DATA BLOCK
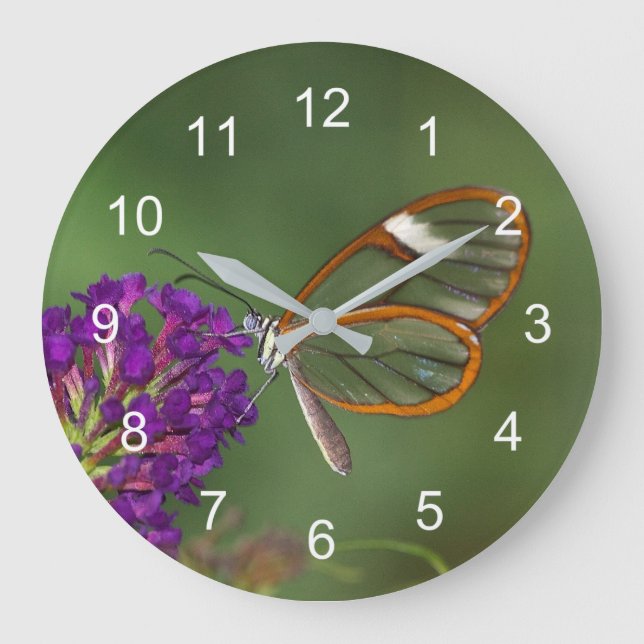 They call me clear-wing large clock (Front)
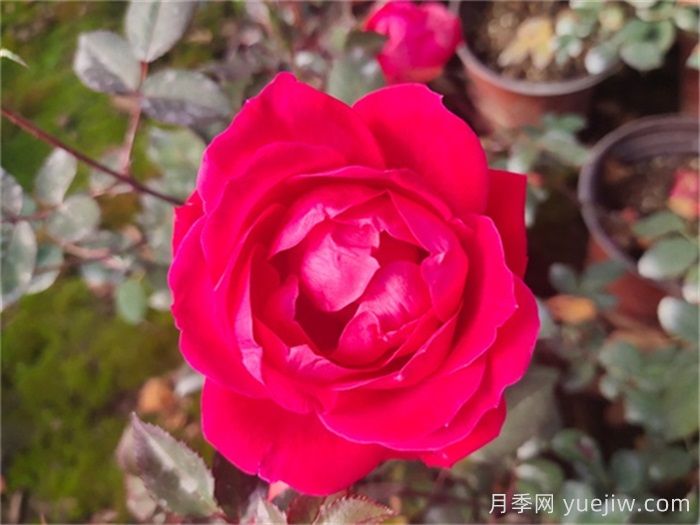 红色重瓣绝代佳人月季/拉德迪科(图2)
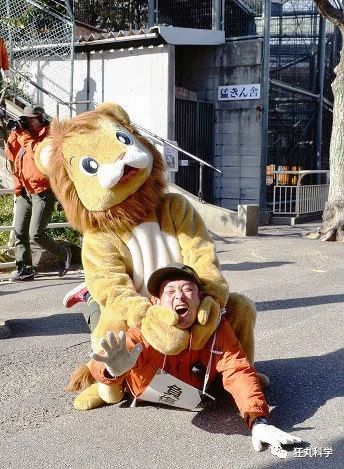 从工作人员的表情我们可以看出,这只面相呆萌的狮子下手不轻.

DIRECTIONS
Could you reproduce the listing above word for word while leaving out its pictures?

ANSWER BELOW
 They call me clear-wing large clock (Front)
 红色重瓣绝代佳人月季/拉德迪科(图2)
 从工作人员的表情我们可以看出,这只面相呆萌的狮子下手不轻.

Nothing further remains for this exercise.